For more information, see Require approved app or app protection policy.
Troubleshooting
This section describes how to fix issues encountered when switching from Android device administrator to mobile application management.
Device user required to install Company Portal app
Symptom: You unenroll a device from device administrator, and when you try to access a protected app you see the message:
Company Portal required: To use your work or school account with this app, you must install the Intune Company Portal app. Click Go to store to continue.
Cause: The Intune Company Portal app isn't on the device you're using. App protection is built in to the Intune Company Portal, app so the app is required on devices utilizing app protection without enrollment.
Solution: Install the Intune Company Portal app on the device.

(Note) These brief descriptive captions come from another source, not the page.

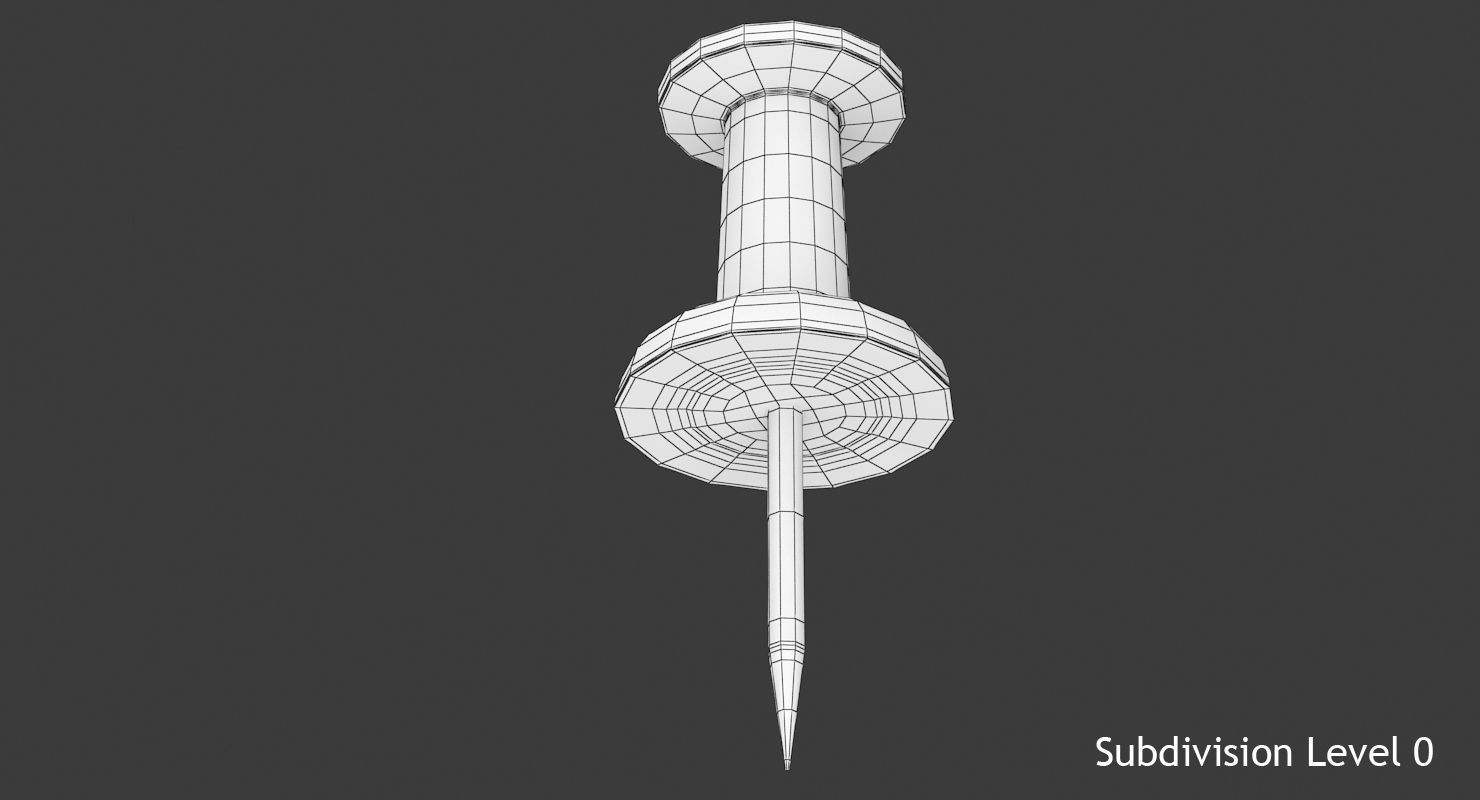 Push Pin Low-poly 3D model_9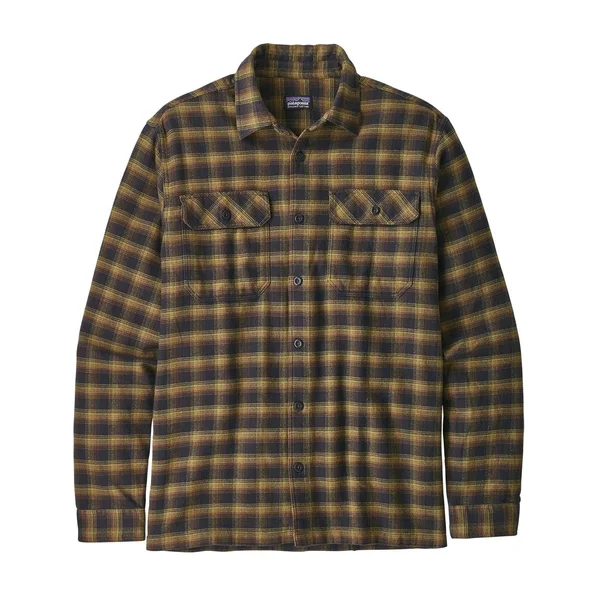 Patagonia Long-Sleeved Fjord Flannel Shirt - Men's XL Ink Black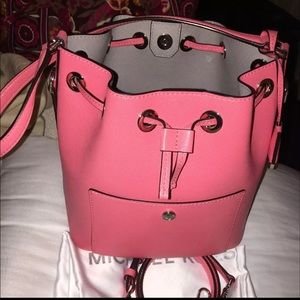 Coral drawstring cross body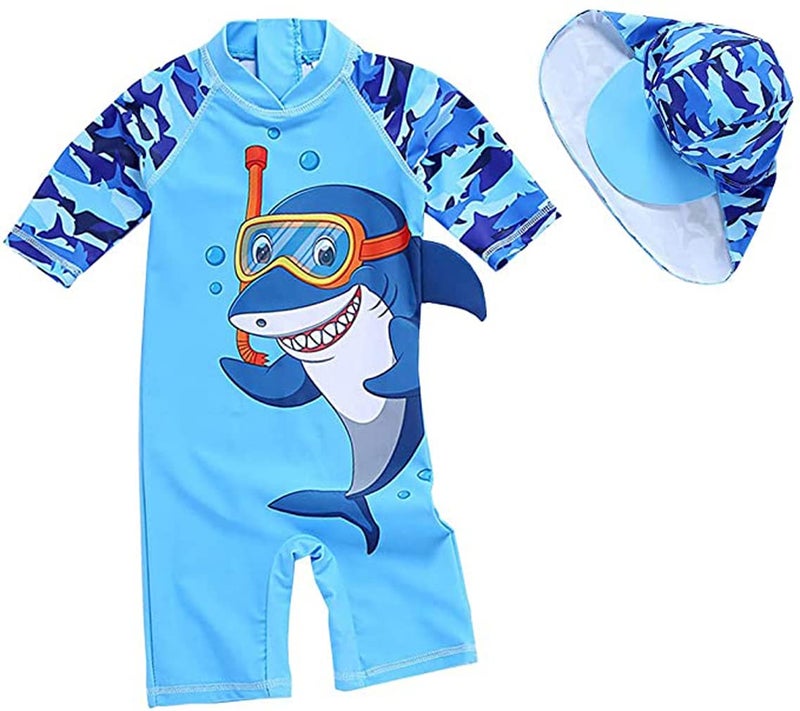 Best for All Toddler Baby Boys Swimsuit One Piece Bathing Suit Rash Guard Swimwear UPF 50 with Hat Shark 1824 Months 
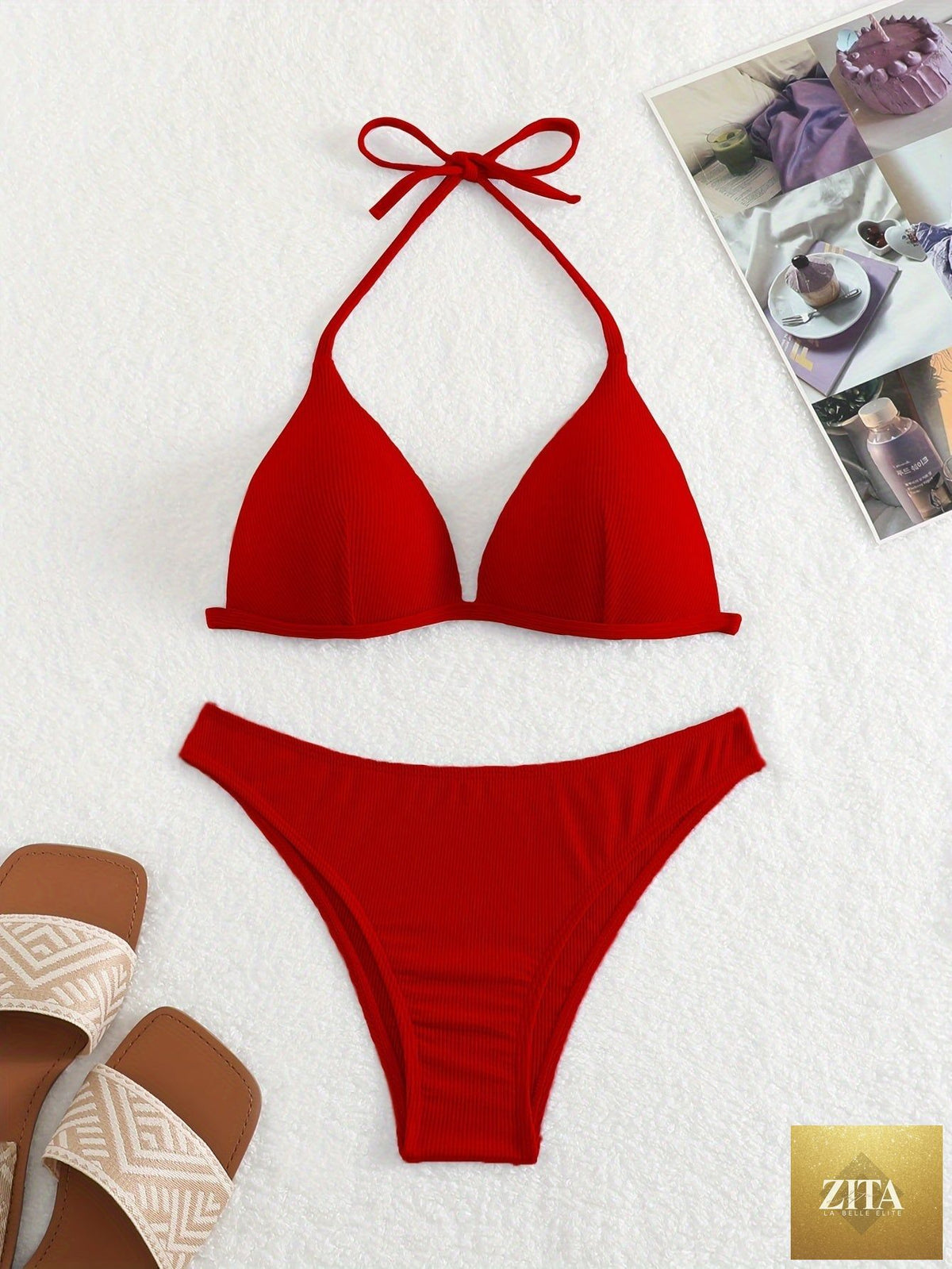 Stevvex bikini set with rib knit solid color triangle top, adjustable tie back halter, and spaghetti straps for summer beachwear.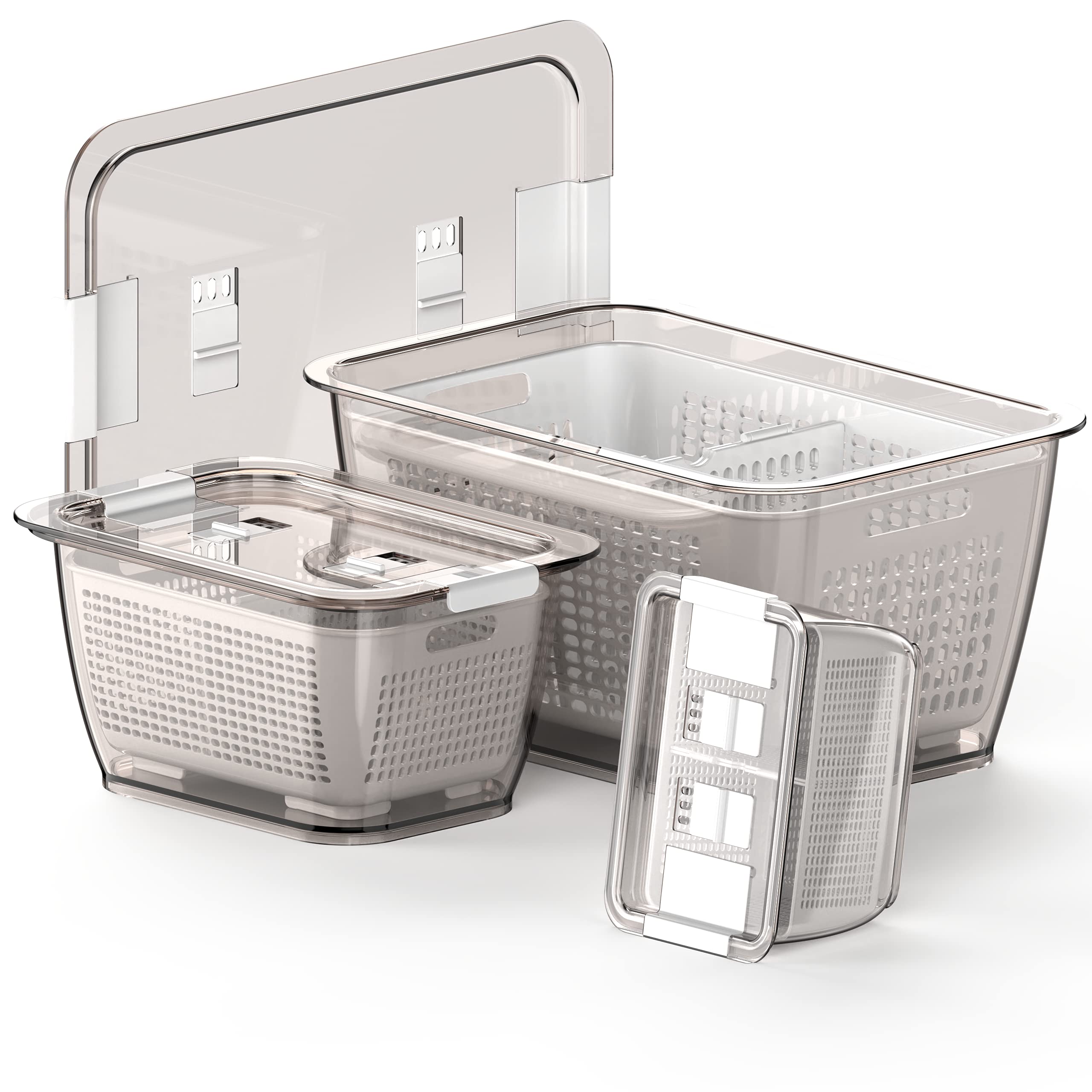 3 Piece Fridge Vegetable and Fruit Organizer Containers (white)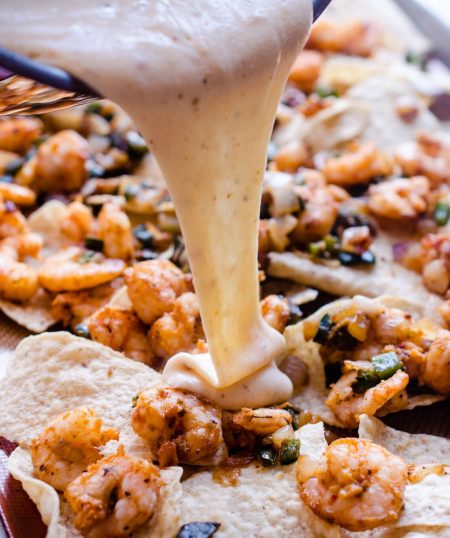 Creole Shrimp Nachos with Creamy Queso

User account removed from protected apps after user unenrolls device
Symptom: You're prompted to sign in to a work or school app again, even though you already signed in.
Cause: After a device unenrolls from Android device administrator management, Intune performs a mobile application management wipe on protected apps. As a result, the user account is removed from these apps and you're signed out.
Solution: Sign in again to the protected app with your work or school account.